山中社長は家業として会社のお仕事をされていると思うのですが入社の経緯についてお教えください。

山中

日本大学を卒業後に同社へ入社し、1989 年から米国のオハイオ州立大学内にある研究所へ5 年ほど通いました。鍛造など塑性加工の研究を行っている研究所で、客員研究員として行きました。そこで修士号をとり、帰国後の1994 年に当社へ戻りました。
当時の研究所には業界で非常に有名なタイラン・アルタン教授という方がいて、日本からも大学の先生が多く訪れていました。その関係でいろいろな方と知り合い、帰国後の人脈形成にもつながりました。日本塑性加工学会では今年まで副会長をやらせてもらっていましたが、それも当時からの人脈のおかげ。米国での4 年間は私自身のビジネスの原点ですね。

金子

入社後の約30 年間で一番印象に残った製品やプロジェクトとしては、どのようなものがありますか。

山中

現在当社ではCAE ソフトの「DEFORM」を展開しています。もともとは東京大学出身の小林史郎先生がFEM(有限要素法)を塑性加工に適用したのが前身で、その後の改良によって鍛造における金型の応力などを見られる「ALPID」というソフトが米国でつくられました。これを米国だけでなく世界に売っていこうと商品化したのがDEFORM で、その商品化を手がけたのがオハイオ州立大学の先輩です。大学では私もそのソフトを使っていたので、当社でこれを導入して日本でも展開することをやってきました。これが最初のチャレンジだったと思います。
実は当時、CAE ソフトを自作する計画もありました。でも結局、高価だけれどもDEFORM を使うことがベストだと考え直しました。というのも、指導教官のアルタン教授の言葉を思い出したからです。
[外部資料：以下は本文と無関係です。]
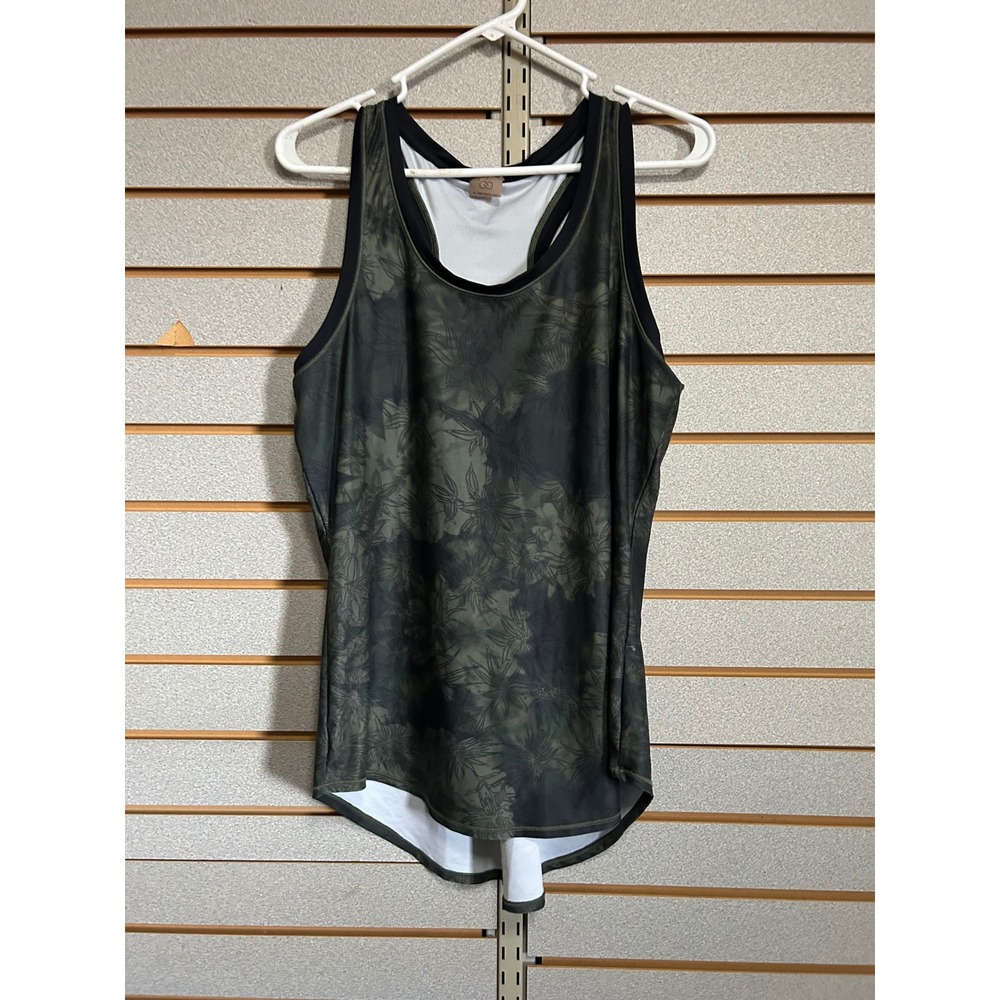 Calia by Carrie Underwood Womens L Olive Green Floral Camo Racerback‎ Tank Top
「米国の有名大学の学生ではないのだから(笑)、世の中にある最良のものを使って課題解決のためのサービスを提供することが君の仕事だ」と。米国時代にお世話になった韓国人の博士に入社してもらい、社内でそれなりに使えるようになり、縁があって当社が販売をするようになりました。
鍛造は経験と勘が重視される職人の世界。最初は社内で「こんなソフトを入れて使いものになるのか」という反発がありましたが、導入して結果が出始めると「これはいいね、使えるよね」と皆さんの気持ちがどんどん変わっていった。そこにたどり着くまでは結構大変だったのですが、「良いものであれば人は受け入れてくれる」という体験はおもしろかったです。

金子

DEFORM には私も興味があります。研究室で私が行っている切削では薄物も扱うのですが、削るとそってしまう。それが圧延の残留応力によるのか切削でそるのか、見極めをしなければ精度が上がらない。いくつかのCAE ソフトで挑戦したものの、あまりうまくいっていなかったのですが、DEFORM で切削の残留応力を解析できるという話を聞いて、大学で導入を検討したいと考えていたところでした。

山中

鍛造などの塑性加工がメインのCAE ではあるのですが、切削も含めていろいろできるソフトです。ただ、切削などの部分はあまりうまくアピールできていなくて、金子先生にそんなふうに気づいてもらえたのはありがたいです。